## TASK PROMPT:
Beginning with the line that has "Volkswagen Passat b8" and ending with the line that has "Funny Cruise Shipdeur", retype the entries below exactly, except for the pictures.

## DATASET RECORDS:
*** Begin section ***

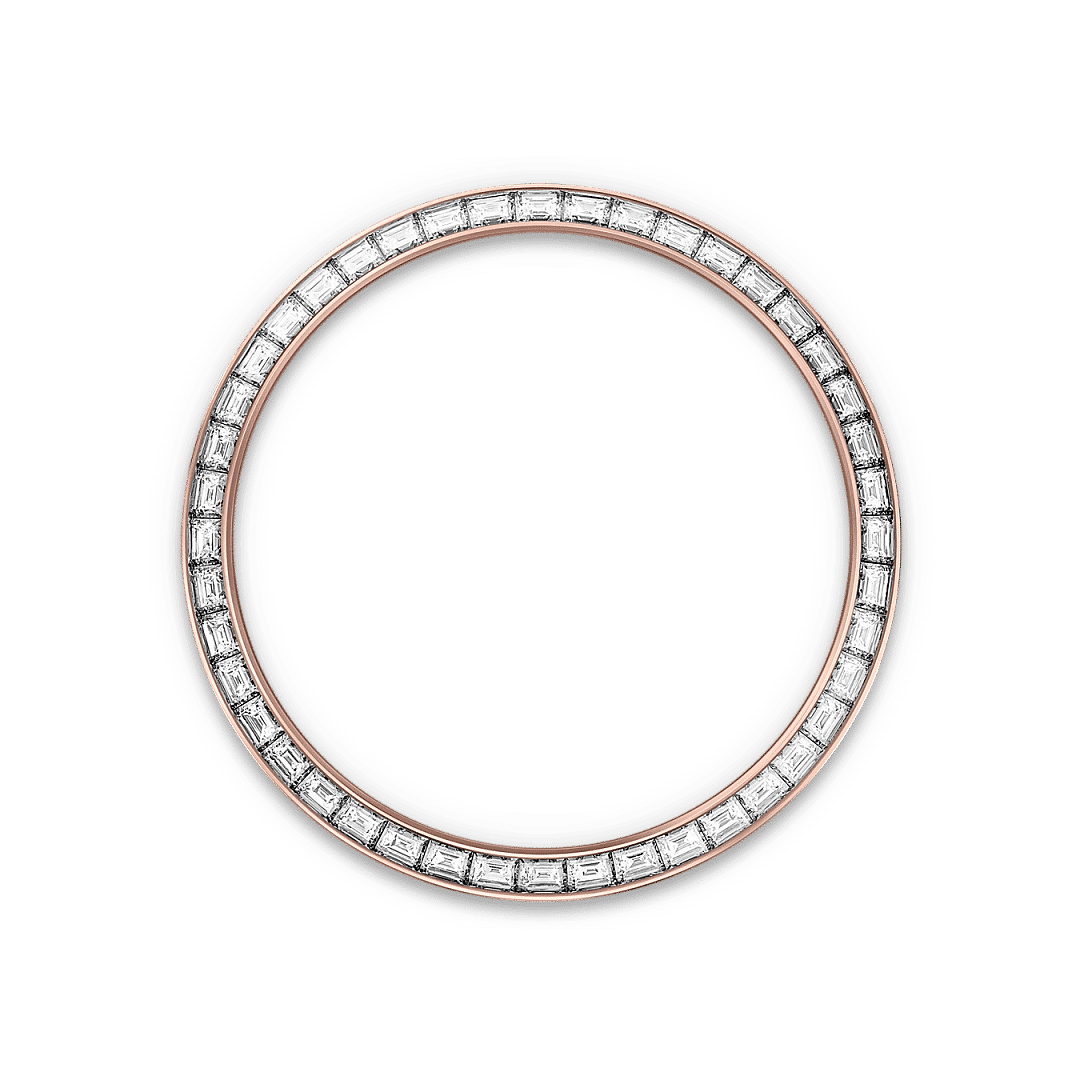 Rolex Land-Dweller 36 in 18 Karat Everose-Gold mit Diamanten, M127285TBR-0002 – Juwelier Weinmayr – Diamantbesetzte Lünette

*** End section ***
*** Begin section ***

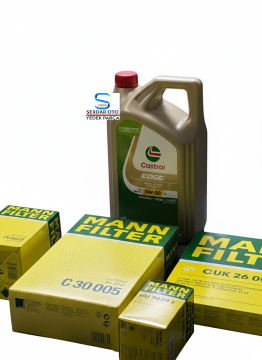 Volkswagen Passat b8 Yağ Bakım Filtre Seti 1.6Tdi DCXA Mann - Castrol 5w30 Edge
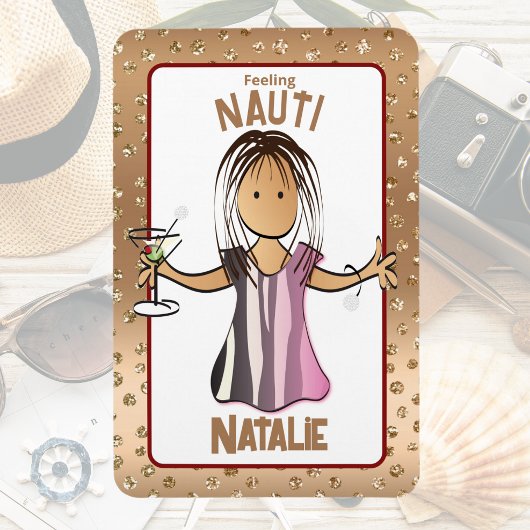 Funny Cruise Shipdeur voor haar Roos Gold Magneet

*** End section ***
*** Begin section ***

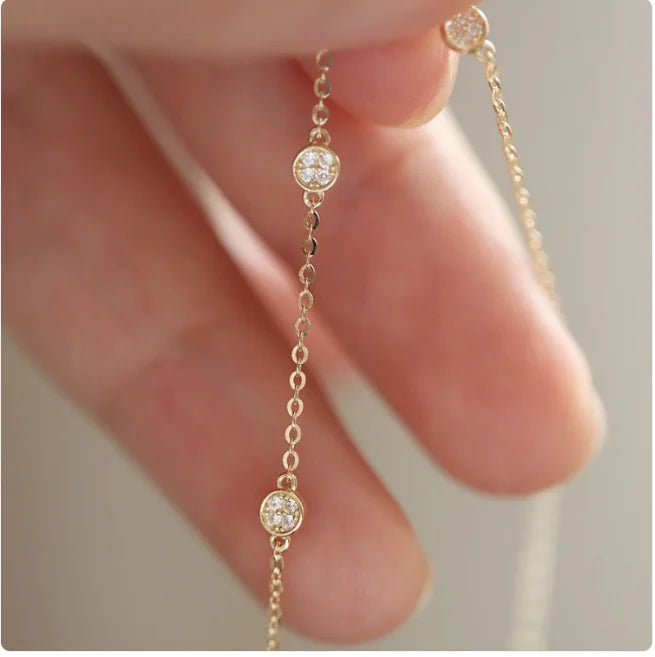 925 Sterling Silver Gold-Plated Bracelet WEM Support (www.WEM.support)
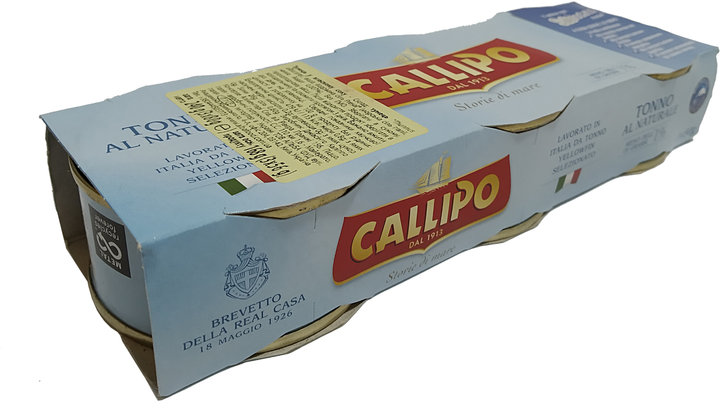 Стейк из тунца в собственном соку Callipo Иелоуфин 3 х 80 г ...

*** End section ***

## ANSWER:
 Volkswagen Passat b8 Yağ Bakım Filtre Seti 1.6Tdi DCXA Mann - Castrol 5w30 Edge
 Funny Cruise Shipdeur voor haar Roos Gold Magneet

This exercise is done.